## Supplied material
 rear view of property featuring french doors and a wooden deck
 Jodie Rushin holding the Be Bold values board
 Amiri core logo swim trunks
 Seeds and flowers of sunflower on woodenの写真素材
--
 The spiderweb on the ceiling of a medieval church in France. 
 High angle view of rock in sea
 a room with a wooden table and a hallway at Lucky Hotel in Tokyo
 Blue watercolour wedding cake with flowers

## Problem to solve
Write out only the lines that run from the line containing "rear view of" through the line containing "Seeds and flowers", both included, exactly as they appear above.

## Answer to the problem
 rear view of property featuring french doors and a wooden deck
 Jodie Rushin holding the Be Bold values board
 Amiri core logo swim trunks
 Seeds and flowers of sunflower on woodenの写真素材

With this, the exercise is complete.